Records from a dataset

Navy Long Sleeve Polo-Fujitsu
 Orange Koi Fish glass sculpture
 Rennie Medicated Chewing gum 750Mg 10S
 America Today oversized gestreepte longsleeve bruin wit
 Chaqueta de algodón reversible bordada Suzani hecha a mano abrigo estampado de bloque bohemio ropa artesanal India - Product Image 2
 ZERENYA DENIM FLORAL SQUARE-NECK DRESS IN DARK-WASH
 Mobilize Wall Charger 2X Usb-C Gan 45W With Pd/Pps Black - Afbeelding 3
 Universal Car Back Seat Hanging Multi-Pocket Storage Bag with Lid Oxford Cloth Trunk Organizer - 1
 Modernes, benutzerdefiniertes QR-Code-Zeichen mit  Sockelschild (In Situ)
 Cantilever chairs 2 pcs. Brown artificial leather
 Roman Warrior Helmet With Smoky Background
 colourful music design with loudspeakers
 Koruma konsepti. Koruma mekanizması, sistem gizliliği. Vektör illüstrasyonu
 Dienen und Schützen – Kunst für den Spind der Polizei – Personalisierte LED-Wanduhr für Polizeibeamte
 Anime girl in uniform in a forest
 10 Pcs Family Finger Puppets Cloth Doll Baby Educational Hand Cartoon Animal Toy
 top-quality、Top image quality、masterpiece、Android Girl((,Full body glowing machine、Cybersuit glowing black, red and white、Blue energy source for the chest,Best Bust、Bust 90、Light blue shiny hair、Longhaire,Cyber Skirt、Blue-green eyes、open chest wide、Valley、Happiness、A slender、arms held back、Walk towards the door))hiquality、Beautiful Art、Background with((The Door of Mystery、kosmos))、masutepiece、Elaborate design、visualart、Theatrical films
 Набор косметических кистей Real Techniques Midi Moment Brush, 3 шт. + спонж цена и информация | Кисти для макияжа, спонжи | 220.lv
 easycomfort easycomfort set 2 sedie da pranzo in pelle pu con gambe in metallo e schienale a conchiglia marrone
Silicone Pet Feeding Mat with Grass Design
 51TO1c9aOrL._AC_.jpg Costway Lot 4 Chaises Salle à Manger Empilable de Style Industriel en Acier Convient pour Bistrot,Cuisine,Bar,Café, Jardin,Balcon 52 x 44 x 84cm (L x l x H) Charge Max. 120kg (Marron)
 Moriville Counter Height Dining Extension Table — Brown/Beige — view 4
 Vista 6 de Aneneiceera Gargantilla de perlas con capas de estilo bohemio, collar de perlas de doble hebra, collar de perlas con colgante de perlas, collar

- _Your task_
The data above must be repeated in its entirety, exactly as given.

- _Task response_
Navy Long Sleeve Polo-Fujitsu
 Orange Koi Fish glass sculpture
 Rennie Medicated Chewing gum 750Mg 10S
 America Today oversized gestreepte longsleeve bruin wit
 Chaqueta de algodón reversible bordada Suzani hecha a mano abrigo estampado de bloque bohemio ropa artesanal India - Product Image 2
 ZERENYA DENIM FLORAL SQUARE-NECK DRESS IN DARK-WASH
 Mobilize Wall Charger 2X Usb-C Gan 45W With Pd/Pps Black - Afbeelding 3
 Universal Car Back Seat Hanging Multi-Pocket Storage Bag with Lid Oxford Cloth Trunk Organizer - 1
 Modernes, benutzerdefiniertes QR-Code-Zeichen mit  Sockelschild (In Situ)
 Cantilever chairs 2 pcs. Brown artificial leather
 Roman Warrior Helmet With Smoky Background
 colourful music design with loudspeakers
 Koruma konsepti. Koruma mekanizması, sistem gizliliği. Vektör illüstrasyonu
 Dienen und Schützen – Kunst für den Spind der Polizei – Personalisierte LED-Wanduhr für Polizeibeamte
 Anime girl in uniform in a forest
 10 Pcs Family Finger Puppets Cloth Doll Baby Educational Hand Cartoon Animal Toy
 top-quality、Top image quality、masterpiece、Android Girl((,Full body glowing machine、Cybersuit glowing black, red and white、Blue energy source for the chest,Best Bust、Bust 90、Light blue shiny hair、Longhaire,Cyber Skirt、Blue-green eyes、open chest wide、Valley、Happiness、A slender、arms held back、Walk towards the door))hiquality、Beautiful Art、Background with((The Door of Mystery、kosmos))、masutepiece、Elaborate design、visualart、Theatrical films
 Набор косметических кистей Real Techniques Midi Moment Brush, 3 шт. + спонж цена и информация | Кисти для макияжа, спонжи | 220.lv
 easycomfort easycomfort set 2 sedie da pranzo in pelle pu con gambe in metallo e schienale a conchiglia marrone
Silicone Pet Feeding Mat with Grass Design
 51TO1c9aOrL._AC_.jpg Costway Lot 4 Chaises Salle à Manger Empilable de Style Industriel en Acier Convient pour Bistrot,Cuisine,Bar,Café, Jardin,Balcon 52 x 44 x 84cm (L x l x H) Charge Max. 120kg (Marron)
 Moriville Counter Height Dining Extension Table — Brown/Beige — view 4
 Vista 6 de Aneneiceera Gargantilla de perlas con capas de estilo bohemio, collar de perlas de doble hebra, collar de perlas con colgante de perlas, collar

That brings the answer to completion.